BPTF protein could become a new therapeutic target

The researchers identified the bromodomain PHD finger transcription factor (BPTF), a subunit of the nucleosome remodelling factor (NURF) complex, as a potential drug target for future treatment of people with AML.

Mice with AML lived much longer if the researchers disabled BPTF.

The researchers also aimed at determining the function of BPTF. These studies showed that it regulates the accessibility of chromatin.
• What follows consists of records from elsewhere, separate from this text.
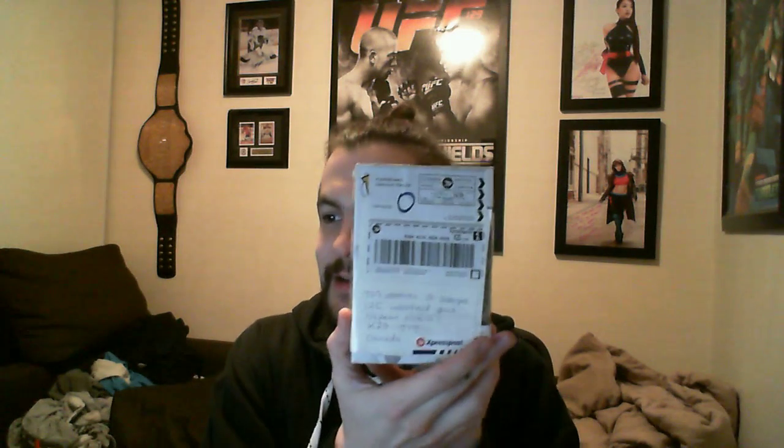Hey everybody, how's it going? My room is a little bit messy, but I figured I would do this. I brought my food — I have Burger King ready to go. I just got back home from work, but I got this thing I gotta open up first.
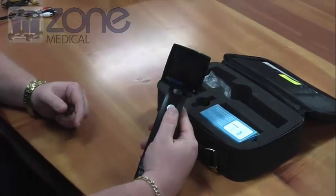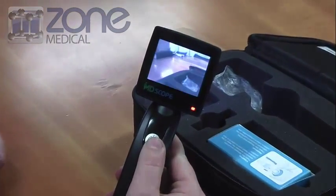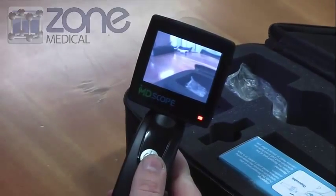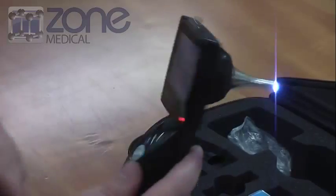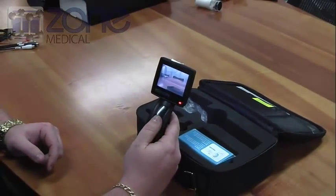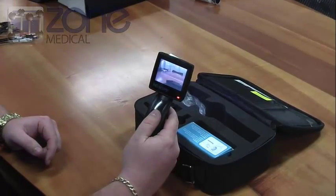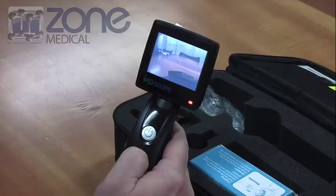The device has a single power button on the handle. Press and hold — the display will power on and the light will turn on at the tip of the camera. Simply to take a photo, all you need to do is press the power button once and it will take a basic snapshot.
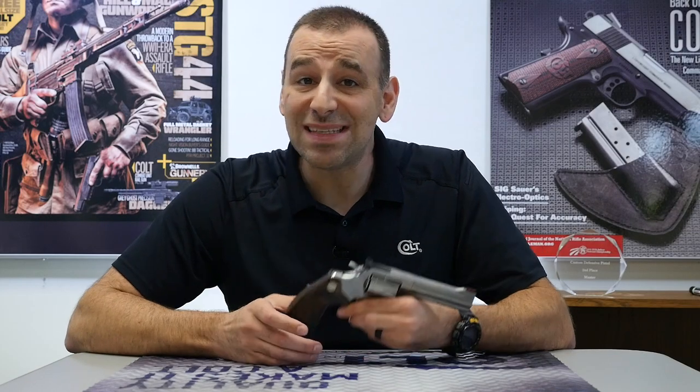So there you have it, Colt fans — that's the King Cobra Target. Make sure you leave us some comments below, and we'll see you next week on Topic Tuesday.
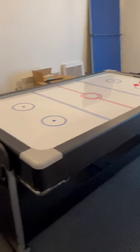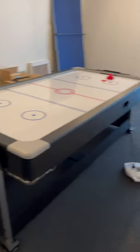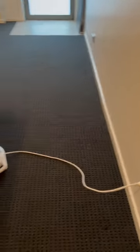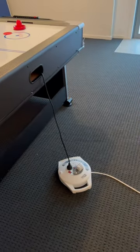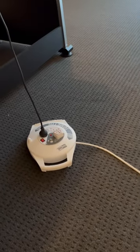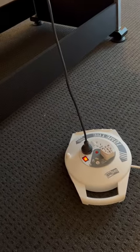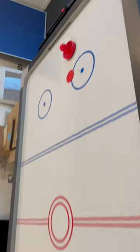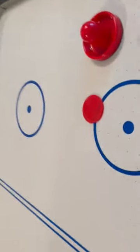This is the air hockey table — everything is assembled. I have connected the cable for the air hockey and I'll switch it on. So the power is on but the blower is not working.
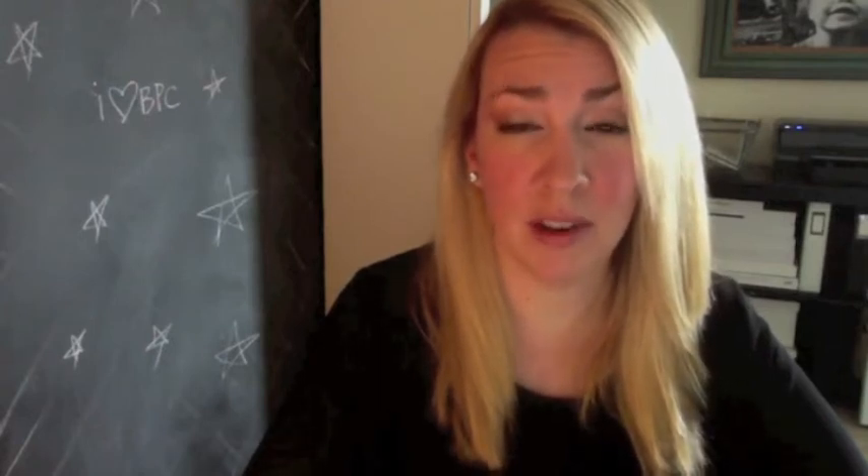Hi everyone, it's Katherine Davis. I am really excited to be here. I'm actually going to be sharing a tip that's a sneak peek into my new class process that I'm really excited about. I hope to see you there.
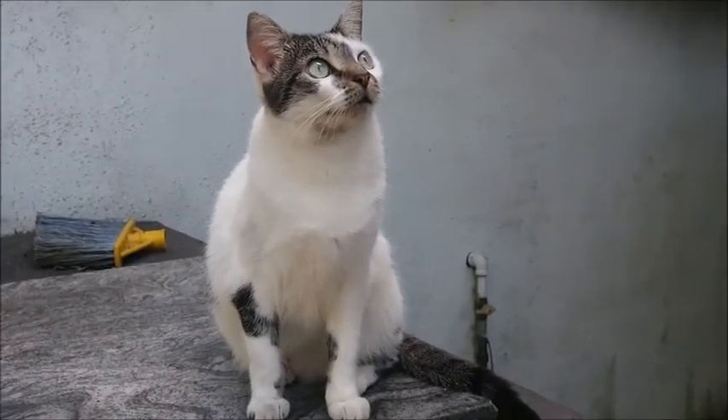He looks like a statue. Here we go guys. I'm Ben. Butterball.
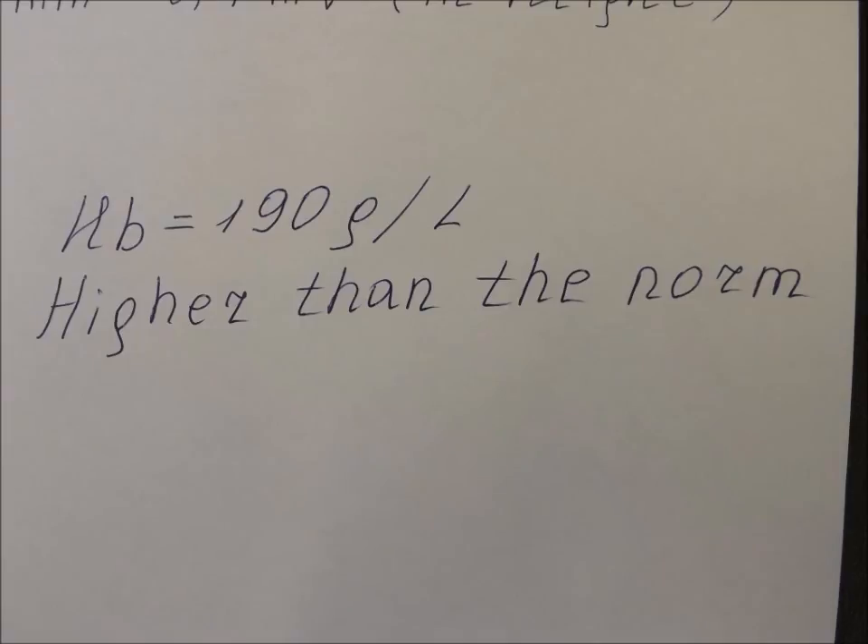Our result is 190 g per litre. This is higher than the norm. After recording the result, draw your conclusions. Thank you.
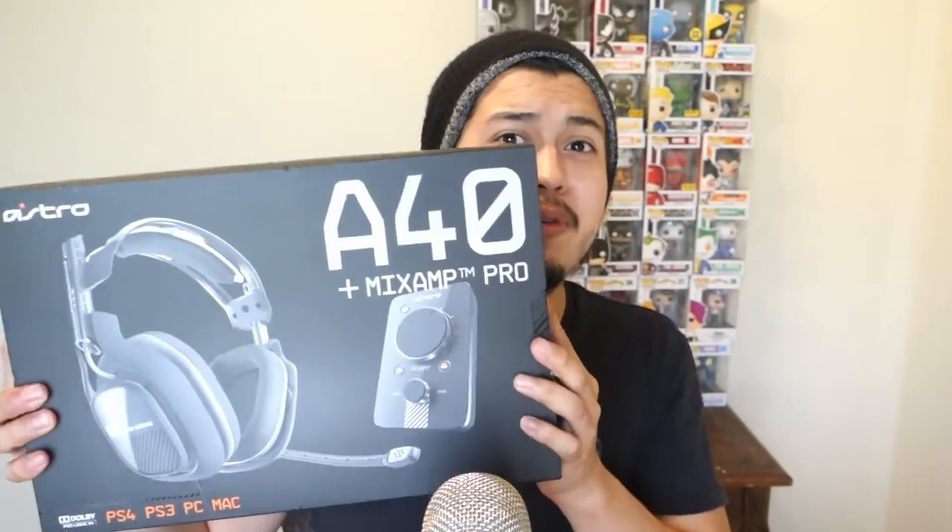Hey guys, I just left Best Buy — you all know why I went, I went to buy the Astro 840. So now I'm gonna do an unboxing: see how they fit, see all the stuff that comes with it so you can check out what comes out of the box. If you're in the market for new headphones, these are sweet looking already — I love the box. They cost $249, but I saw them on sale for $200; they didn't have them on sale but I needed them already, I'm done waiting.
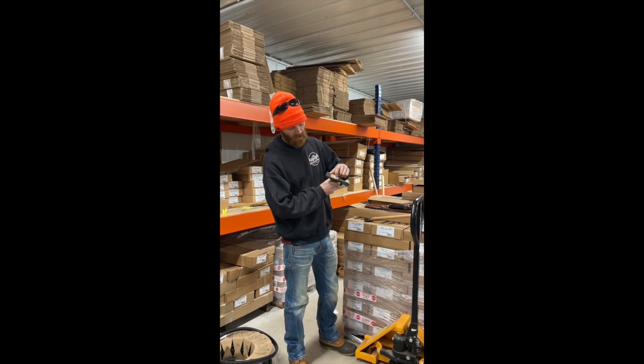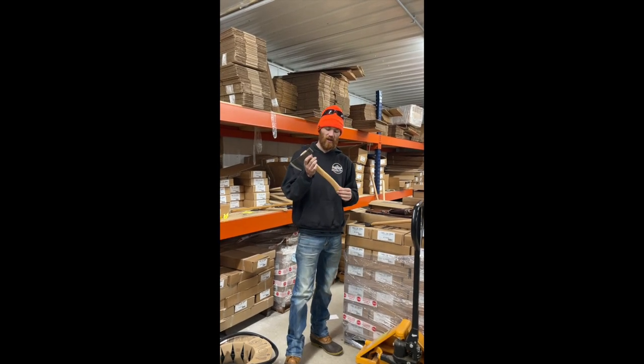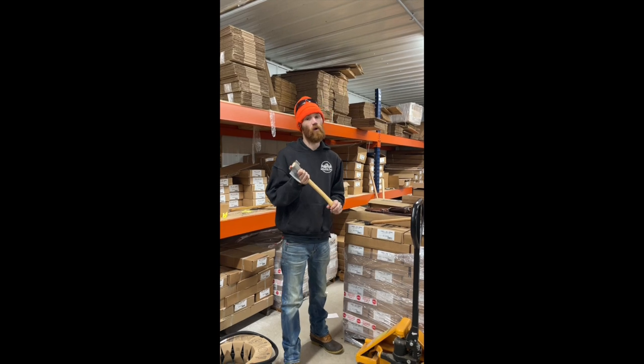It's hung proud with a poplar wedge and a steel step wedge. Premium handles, so this means that they have premium grain and no wax or lacquer on them.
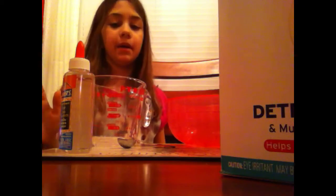Hey guys, it's Austin and Poppy here today and I'm going to show you how to make your very own slime. So to get started, what you're going to need is glue, borax, and some water.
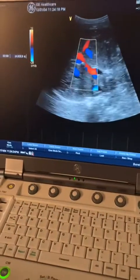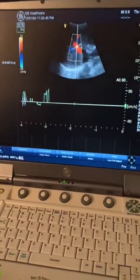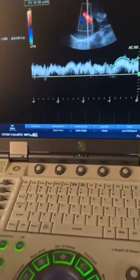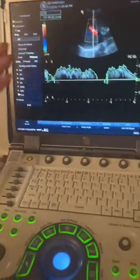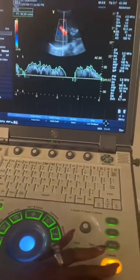Now I'm going to unfreeze and get a quick pulse wave doppler of the portal vein. I like to always use angle correction when scanning. You don't have to use a tracing, but I like to have an angle on so that I can try to get the highest possible velocity in that portal vein.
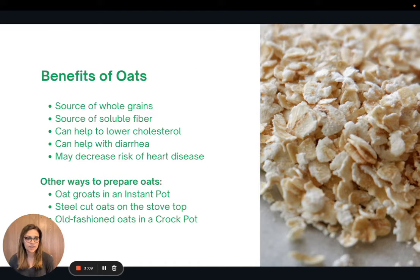Now let's dive into some of the benefits of the ingredients in the recipe. Oats are obviously the main ingredient and are a great source of whole grains. Whole grains have both insoluble and soluble fiber, but soluble fiber specifically can help to lower LDL, or the bad cholesterol, which can help decrease the risk of heart disease. Soluble fiber can also help if you're experiencing diarrhea, as it helps to bulk up our stools. There are lots of different ways to prepare oats — overnight oats, oat groats in an Instant Pot, steel cut oats on the stovetop, or old fashioned oats in a crock pot. I'll link additional recipes in the article version of this video.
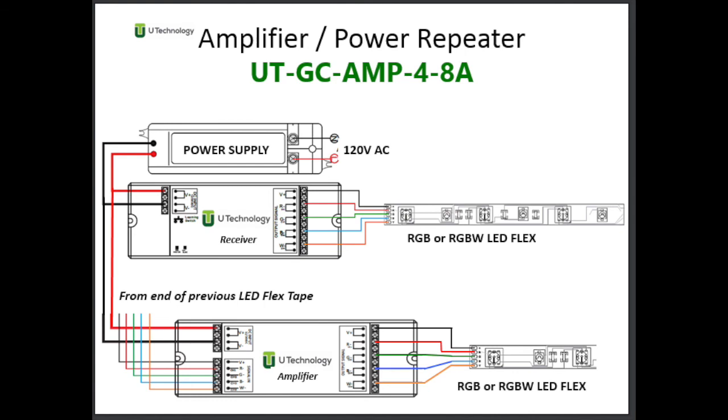One more thing worthy of noting is the amplifier. The amplifier, or repeater, allows you to extend the LED tape further by repeating the signal. The first LED flex strip and the power supply go into the amplifier together, and the amplifier's function is to amplify the RGBW signal to the output, from which point it goes to the next strip, and the next, and the next.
Chromatin consists of DNA and associated proteins, and the associated proteins compact the more than two-metre-long DNA into a well-organised structure inside a cell.

If DNA were folded arbitrarily, various cellular mechanisms could not read the genes, but BPTF ensures that the cellular mechanisms have access to the relevant genes at relevant times.

Kristian Helin says that BPTF is interesting in relation to AML because it helps to ensure that the cancer cells can express the gene MYC, a classic oncogene involved in different types of cancer, with high expression of MYC ensuring the rapid proliferation of cancer cells.

When BPTF is disabled, the chromatin around the MYC gene is not accessible, and therefore the cancer cells cannot express the necessary amount of MYC to ensure optimal conditions for the cancer cells.

“For many years, cancer researchers and the pharmaceutical industry have tried to develop drugs that target MYC itself, but this has not yet been successful. Targeting a protein with a drug to inhibit its activity requires that the protein has a pocket to which inhibitors can attach. MYC does not have such a pocket, but BPTF does. Therefore, targeting BPTF could be an alternative to targeting MYC in cancers in which MYC plays a role, including AML,” says Kristian Helin.

The theory also proved to be valid in practice, since the cancer cells perished, and the mice lived longer when the researchers downregulated BPTF.

Basic scientific discovery has more immediate impact

Kristian Helin says that discovering a new potential target for AML may be the study’s secondary objective, since the final success of this discovery would be developing specific inhibitors that can be approved for treatment.

The primary advance may therefore be improved understanding of how the chromatin structure is regulated.

The researchers have obtained new basic scientific insight into how cells make genes accessible or inaccessible.

NURF comprises four proteins, each with its own separate chromatin-regulating function.

One protein opens the chromatin structure so that the genes are exposed. BPTF determines where the chromatin structure should be opened.

“This study advances knowledge on how to open the chromatin structure and the side-effects of cells being unable to perform this function. For the cancer cells, this inhibits cell proliferation or causes cell death. This makes the discovery useful for possible treatment of AML,” concludes Kristian Helin.